Before I go any further, let’s just call a spade a spade. Turntable.fm will destroy your productivity and turn you into a drooling lump of music sharing mush, with no hope of ever returning to Pandora or Rhapsody or whateverthehell you do to get your music on without having to think about it too much. It may even cause you to procrastinate on your job, ignore the chores, tell the dog to go walk itself…
Ok, I exaggerate. But not by much.
The amount of work I pulled off on Monday – a day which will heretofore be referred to as life B.T. (before Turntable) – is shocking and impressive compared to what I’ve managed to get done between yesterday and today.
I justify it by telling myself that I listen to music and am involved with online social situations for a living. A social music site? I have an obligation to my readers, to the members of this community, to spend hours there. To visit a large number of rooms and become fans of absolute strangers with screen names like St1ck3r. To earn as many DJ points as possible so that I can get a very unique, awesome avatar that doesn’t look like everyone else’s avatar (in case you don’t recognize me – I’m the green one in the helmet all the way to the right in the DJ booth, in this picture:
See? You can’t even recognize me. My avatar isn’t even wearing glasses. It looks nothing like me. So, I’m going to continue to spend hours in that room playing songs. (If you’re feeling charitable, you can help me earn an avatar that looks somewhat remotely like me by telling Turntable every single song I play is Awesome.)
All kidding aside, though, Turntable.fm is pretty impressive.
It’s in Beta, which means things freeze; you have to refresh and maybe lose your spot in the DJ booth; random users might appear and play songs from outside the DJ booth (which doesn’t seem fair). And yet, all of these annoyances aren’t enough to make it prohibitive. Also, it’s by invitation only, but only in the sense that Gmail was “by invitation only” for the first…what? Three years? If any of your Facebook friends are on Turntable, you’re in. This gives it that good olde fashioned internette guise of being somewhat exclusive. (In reality it’s about as exclusive as the NYC Subway.)

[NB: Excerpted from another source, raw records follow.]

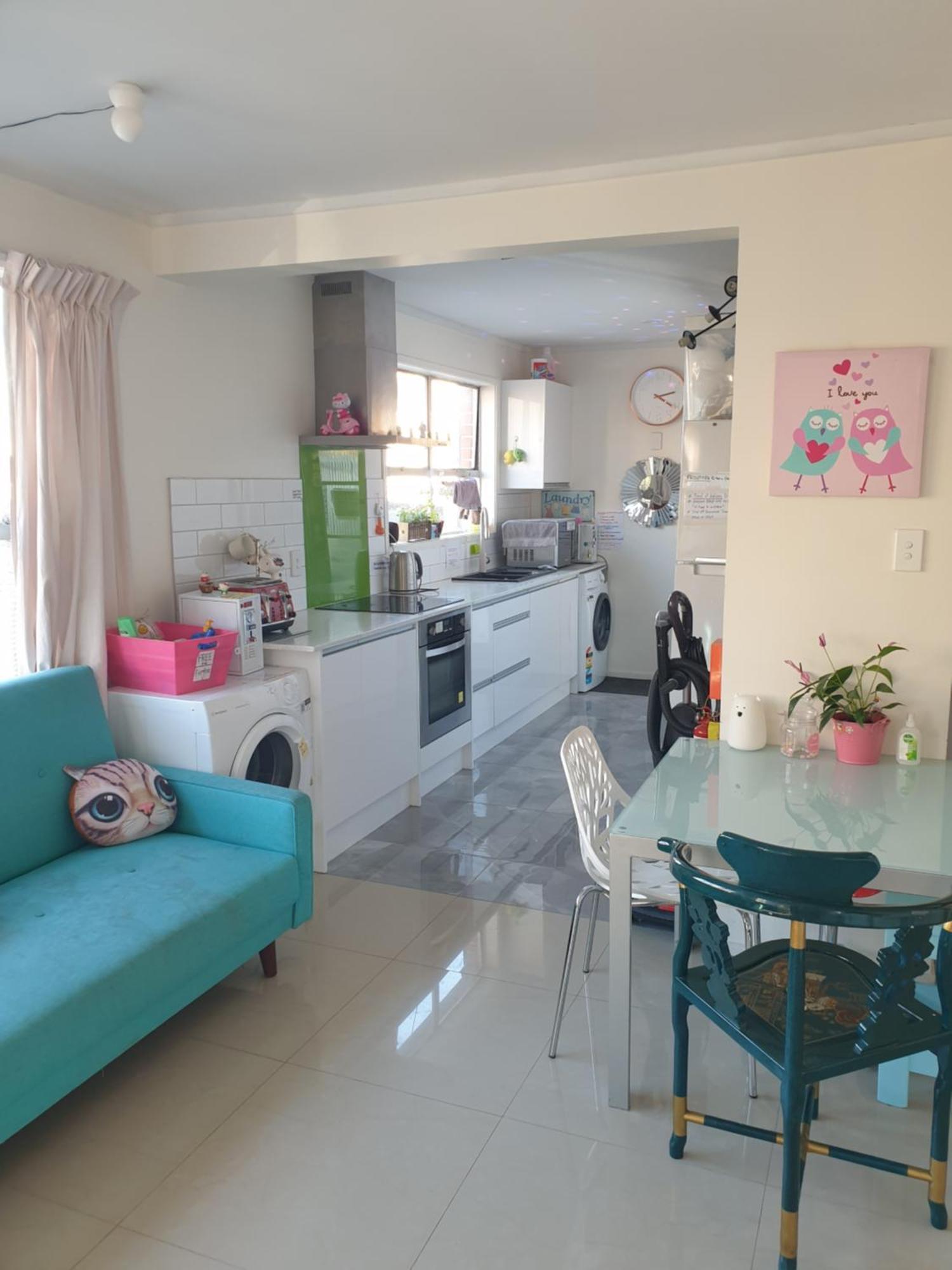 C1 Save Money Budget Affordable Cabin With Comfort! - Cabin1 Auckland Exterior photo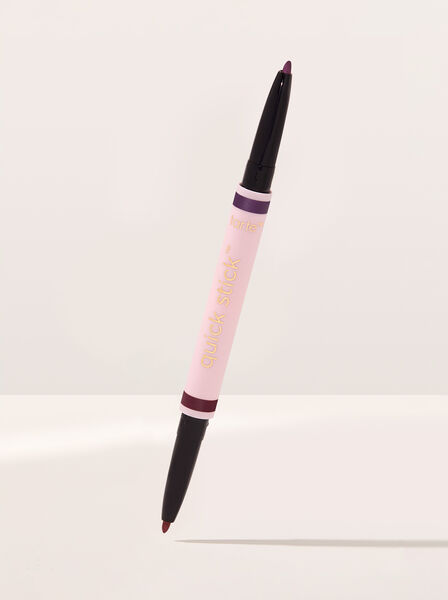 quick stick™ double-ended gel liner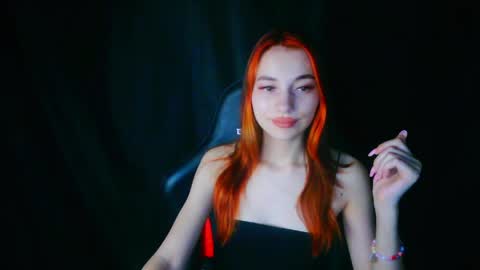 Liza  Kitty online show from 05-07-26, 06:02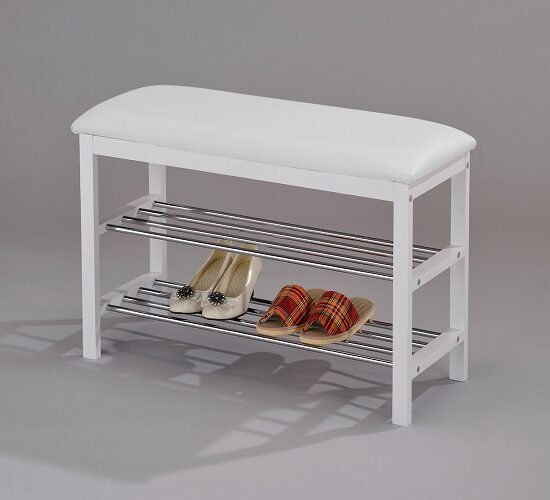 Тумба под обувь в Калининграде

But what is it? It’s like what would happen if you and your friends controlled Pandora. You guys have the best taste in music of anyone you know anyway, right?
You create a playlist, which is a very dynamic thing (you can click and drag songs around your list, or fast-track them to the top of the list). DJs stand in a line behind the booth, and everyone takes their turn. The “radio” pulls from the song at the top of each person’s list, in order from left to right, and then back again. The addicting thing is that you know what’s in your playlist (so you stick around to hear the songs you have queued up), but you don’t know what’s in other people’s lists (so you stick around out of sheer curiosity to see what’s coming next).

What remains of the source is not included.